Operators will be able to apply for permissions and get instant approvals through the Digital Sky Platform, the portal where they will have to register their drones for the use of photography, recreational purposes and for commercial use as taxis or delivery vehicles by companies such as e-commerce retailers.
“The only requirement will be the installation of a Regulatory Flight Tracker Module (RFTM) with NPNT compliance, which will enable the on-boarding of the existing drones onto DGCA’s Digital Sky UTM,” said Sai Pattabiram, founder and CEO of Sree Sai Aerotech Innovations Private Limited. UTM is short for Unmanned Traffic Management.
Pattabiram’s company makes software such as NPNT and GPS for drones and he and other industry representatives are meeting a DGCA task force on drones. About 500,000-600,000 drones are available in India and they are illegal to operate, but easily available, Pattabhiram said. A 2014 ban on drone could not be implemented and the government could not enforce regulations enforced in 2018 for operation of drones either.

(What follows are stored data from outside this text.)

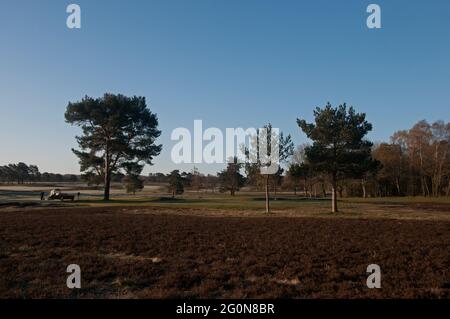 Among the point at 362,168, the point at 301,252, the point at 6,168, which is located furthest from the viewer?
the point at 6,168

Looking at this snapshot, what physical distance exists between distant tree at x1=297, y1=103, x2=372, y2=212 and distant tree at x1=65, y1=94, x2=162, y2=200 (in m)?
30.9

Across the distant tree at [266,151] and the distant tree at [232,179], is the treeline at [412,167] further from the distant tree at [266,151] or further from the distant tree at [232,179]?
the distant tree at [266,151]

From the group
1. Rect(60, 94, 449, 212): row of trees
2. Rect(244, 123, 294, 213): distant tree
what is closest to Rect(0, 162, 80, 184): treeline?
Rect(60, 94, 449, 212): row of trees

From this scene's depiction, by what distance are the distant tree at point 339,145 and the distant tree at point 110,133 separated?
30.9 metres

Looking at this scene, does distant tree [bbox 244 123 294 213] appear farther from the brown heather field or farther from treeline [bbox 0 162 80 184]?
treeline [bbox 0 162 80 184]

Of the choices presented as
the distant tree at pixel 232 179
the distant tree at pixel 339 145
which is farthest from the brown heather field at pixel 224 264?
the distant tree at pixel 232 179

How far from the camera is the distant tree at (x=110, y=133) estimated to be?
54.6 metres

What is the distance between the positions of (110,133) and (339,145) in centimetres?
3637

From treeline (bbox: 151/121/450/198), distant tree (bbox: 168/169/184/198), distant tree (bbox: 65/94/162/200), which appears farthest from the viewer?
distant tree (bbox: 168/169/184/198)

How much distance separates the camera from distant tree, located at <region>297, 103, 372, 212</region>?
35.3 meters

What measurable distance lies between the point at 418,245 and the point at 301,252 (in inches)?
218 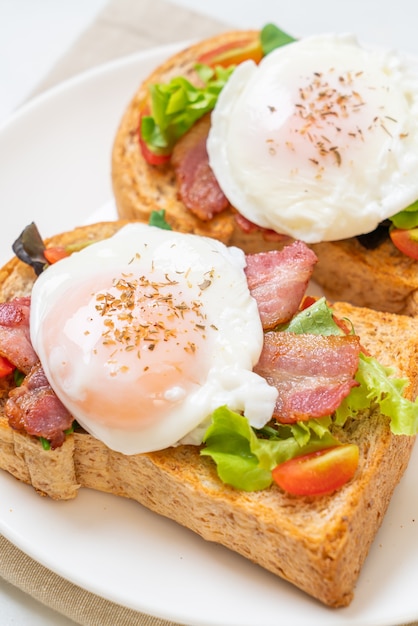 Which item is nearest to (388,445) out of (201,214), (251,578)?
(251,578)

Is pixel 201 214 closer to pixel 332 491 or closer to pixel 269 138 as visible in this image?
pixel 269 138

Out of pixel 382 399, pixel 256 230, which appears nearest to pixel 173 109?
pixel 256 230

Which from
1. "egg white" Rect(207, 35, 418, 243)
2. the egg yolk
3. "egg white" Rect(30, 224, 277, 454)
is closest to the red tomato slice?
"egg white" Rect(207, 35, 418, 243)

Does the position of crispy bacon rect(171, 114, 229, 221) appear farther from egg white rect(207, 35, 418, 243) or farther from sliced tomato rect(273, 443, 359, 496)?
sliced tomato rect(273, 443, 359, 496)

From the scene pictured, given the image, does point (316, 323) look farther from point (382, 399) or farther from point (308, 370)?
point (382, 399)

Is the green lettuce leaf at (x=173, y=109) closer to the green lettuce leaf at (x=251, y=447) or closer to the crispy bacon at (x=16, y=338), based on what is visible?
the crispy bacon at (x=16, y=338)

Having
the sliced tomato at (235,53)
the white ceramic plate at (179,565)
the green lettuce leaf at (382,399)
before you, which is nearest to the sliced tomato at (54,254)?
the white ceramic plate at (179,565) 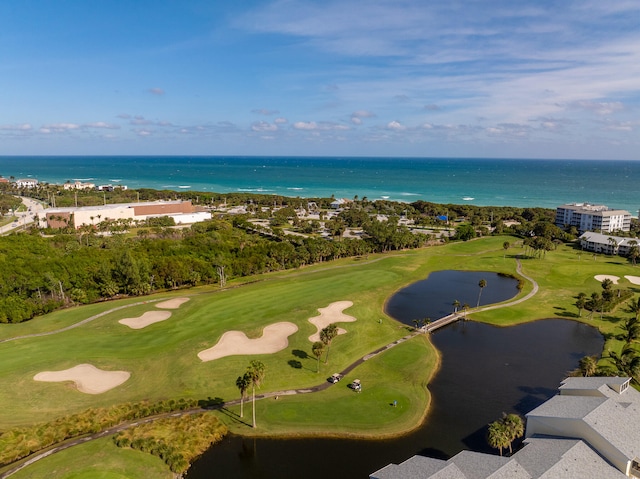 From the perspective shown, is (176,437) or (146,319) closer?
(176,437)

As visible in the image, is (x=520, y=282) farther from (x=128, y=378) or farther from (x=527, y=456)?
(x=128, y=378)

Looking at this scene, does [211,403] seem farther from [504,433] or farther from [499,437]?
[504,433]

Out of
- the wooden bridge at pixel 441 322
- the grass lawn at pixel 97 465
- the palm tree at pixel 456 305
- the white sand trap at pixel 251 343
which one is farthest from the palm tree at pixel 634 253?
the grass lawn at pixel 97 465

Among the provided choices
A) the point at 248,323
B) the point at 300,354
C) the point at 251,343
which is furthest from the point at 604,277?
the point at 251,343

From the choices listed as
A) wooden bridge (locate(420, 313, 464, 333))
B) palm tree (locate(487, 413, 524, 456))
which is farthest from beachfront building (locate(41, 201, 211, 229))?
palm tree (locate(487, 413, 524, 456))

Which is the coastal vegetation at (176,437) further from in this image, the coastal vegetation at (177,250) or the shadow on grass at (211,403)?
the coastal vegetation at (177,250)

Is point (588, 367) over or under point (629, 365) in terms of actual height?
under

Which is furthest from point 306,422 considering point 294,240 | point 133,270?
point 294,240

“Government need to be clear which drones they need to monitor and identify places where they need to monitor drones. The only way to track existing drones is to have a ministry-supervised GPS system on it; those not complying with it can be classified as rogue drone,” he added
Pattabiram has given a presentation to the DGCA and suggested that drone must be fitted with a call-back button.
Users will be required to do a one-time registration of drones, pilots and owners. For every flight (except nano drones, which weigh less than 250 gms), users will be required to ask for permission to fly through a mobile app, and an automated process will permit or deny the request instantly. The UTM platform operates as a traffic regulator in the drone airspace and coordinates closely with defence and civilian air traffic controllers (ATCs) to ensure that drones remain on the approved flight paths, according to RPAS guidelines that have been put in the public domain.
For flying in controlled airspace, the filing of a flight plan and obtaining an Air Defence Clearance (ADC) /Flight Information Centre (FIC) number will be necessary. Among the no-drone zones are areas around airports, near the international border, Vijay Chowk in New Delhi near where important government buildings, Parliament and Rashtrapati Bhavan are located, state secretariat complexes in state capitals, and other strategic locations and vital military installations.
A case under the Indian Penal Code can be filed for flying a drone in a prohibited zone.